Dieses einseitige Endspiel war auch der nächste gescheiterte Anlauf der Spieler der sogenannten „Next Generation“, das Ende der Ära der Superstars Djokovic, Federer und Nadal einzuläuten. Zwar hatten die vergangenen US Open in Dominic Thiem bereits einen neuen Champion hervorgebracht – Federer fehlte dort aber verletzt, Nadal verzichtete auf einen Start, und Djokovic wurde im Achtelfinale wegen einer Unbeherrschtheit disqualifiziert. „Es wird viel geredet über die neue Generation, die von uns übernehmen soll“, hatte Djokovic vor der Partie gesagt: „Aber realistisch gesehen ist das noch nicht passiert. Mit allem Respekt gegenüber den anderen Jungs, sie haben noch viel Arbeit vor sich.“
Bei den Frauen hingegen scheint die Wachablösung bereits vollzogen. Schon nahezu routiniert posierte Naomi Osaka am Tag nach ihrem vierten Grand-Slam-Coup in Melbourne mit dem mächtigen Silberpokal. Die ist eine Ausnahmeerscheinung und klar auf dem Weg zum Superstar. Mit der Rolle als neue „Chefin“im internationalen Frauentennis fremdelt sie aber weiter. „Es ist eine Ehre, dass ich dafür im Gespräch bin“, sagte die stets höfliche Asiatin nach ihrem 6:4, 6:3-Finalsieg gegen die US-Amerikanerin Jennifer Brady. Aber das Gesicht
der Sportart sei weiter die 23malige Grand-Slam-Siegerin Serena Williams, daran habe sich durch ihren nächsten Triumph „überhaupt nichts“geändert.

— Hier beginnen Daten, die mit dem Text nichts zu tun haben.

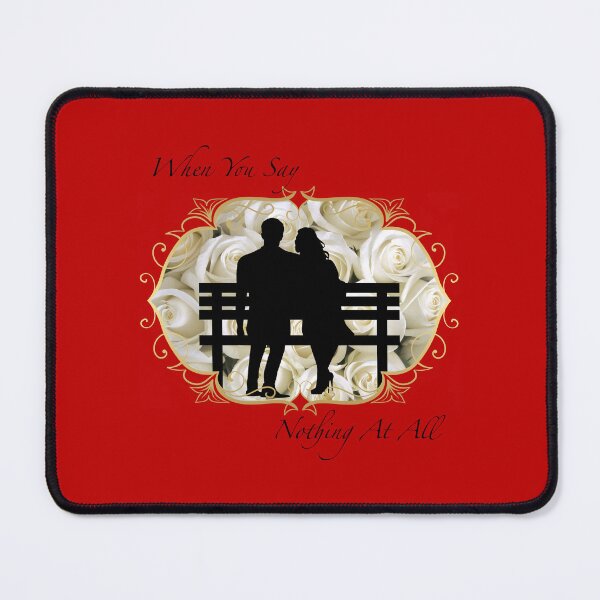 Item preview, When You Say Nothing At All (White Roses on Red) designed and sold by PawsitiveMum.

Etliche Experten bewerteten dies anders. „Für mich ist sie die Nachfolgerin von Serena Williams, der nächste Superstar“, sagte Boris Becker bei Eurosport über Osaka. „Ich sehe keinen Grund, warum sie über die kommenden Jahre nicht die dominierende Spielerin sein sollte.“Osaka selbst wies darauf hin, dass es für sie trotz beeindruckender Zahlen und Parallelen zu den Topstars noch viel zu beweisen gibt. Alle ihre großen Titel gewann sie auf Hartplätzen – 2018 und 2020 bei den US Open und 2019 sowie am Samstag in Australien. Sie ist dennoch schon jetzt die erfolgreichste aktive Spielerin bei den wichtigsten Turnieren hinter Serena Williams und deren älterer Schwester Venus (7 Titel). Die großen US-Amerikanerinnen sind 39 und 40 Jahre alt, ihre Ära neigt sich dem Ende zu. Und Osaka hat längst begonnen, sich in den Geschichtsbüchern zu verewigen.